Maksud dari adat kebiasaan adalah segala hal selain ibadah yang lazim dikerjakan, asalkan tidak ada unsur haram. Cipika cipiki antar sesama saudara perempuan, terutama untuk mempererat ukhuwah, persahabatan, kasih sayang, dan tidak menimbulkan fitnah, dihukumi mubah dengan catatan tidak menimbulkan syahwat.

2. Sunnah (Dinyatakan Indah dan Disegerakan)

Cipika cipiki disunnahkan jika untuk menyambut seseorang yang baru pulang dari perjalanan jauh atau safar. Memeluk dan mencium adalah bentuk kasih sayang dan ucapan selamat datang.

Dari Aisyah RA berkata, "Zaid bin Haritsah datang ke Madinah dan saat itu Rasulullah shallallahu 'alaihi wa sallam berada di rumahku. Ia mengetuk pintu, lalu Rasulullah shallallahu 'alaihi wa sallam bangkit dalam keadaan tergesa, hingga kainnya terseret. Demi Allah, aku tidak pernah melihat beliau dalam keadaan seperti itu, baik sebelum maupun sesudahnya. Beliau lalu memeluk dan menciumnya." (HR Tirmidzi)

Dalam hadits di atas, ditegaskan bahwa mencium wajah teman dekat sesama jenis yang baru datang dari perjalanan diperbolehkan selama tanpa adanya syahwat. Cipika cipiki juga diperbolehkan antara orang dewasa dengan anak kecil, seperti yang dilakukan Abu Bakar kepada putrinya Aisyah yang sedang sakit demam.

3. Makruh (Tidak Dianjurkan)

Imam Nawawi melalui kitab "Al Adzkar" berpendapat mencium wajah sesama lelaki dalam kondisi biasa tanpa sebab tertentu dihukumi makruh.

"Adapun berpelukan dan mencium wajah selain kepada anak kecil atau orang yang datang dari safar maka hukumnya makruh. Ini telah ditegaskan oleh Abu Muhammad Al Baghawi dan para ulama mazhab kami lainnya,"

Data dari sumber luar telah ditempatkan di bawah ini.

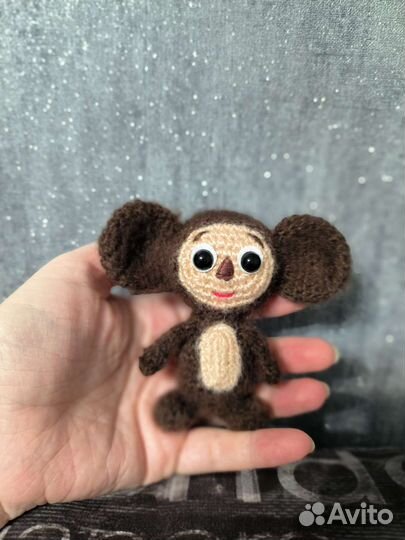 Вязаные брелки и игрушки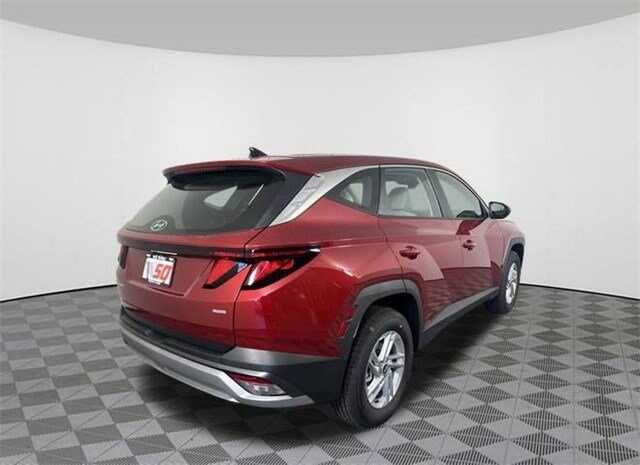 2025 Hyundai Tucson SE photo 3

demikian bunyi pendapat Imam Nawawi.

Hadits yang melandasi hal tersebut berasal dari Anas bin Malik RA yang berkata, "Seorang lelaki bertanya kepada Rasulullah SAW, "Wahai Rasulullah apakah seseorang boleh menunduk saat bertemu saudaranya?" Beliau menjawab, "Tidak." Ia bertanya lagi, "Apakah boleh memeluk dan menciumnya?" Beliau menjawab, "Tidak." Kemudian ia bertanya, "Bolehkah menjabat tangannya?" Beliau menjawab, "Ya." (HR Tirmidzi dinilai hasan)

4. Haram (Dilarang)

Jika cipika cipiki dilakukan dengan unsur syahwat, maka hukumnya menjadi haram. Islam sebagai agama yang mengatur kehidupan manusia dengan benar secara tuntas, termasuk hubungan antar sesama manusia, mengajarkan agar umatnya menjaga diri dari godaan nafsu dan perbuatan yang terlarang.

Semoga penjelasan ini bermanfaat dalam memahami hukum cipika cipiki dalam Islam.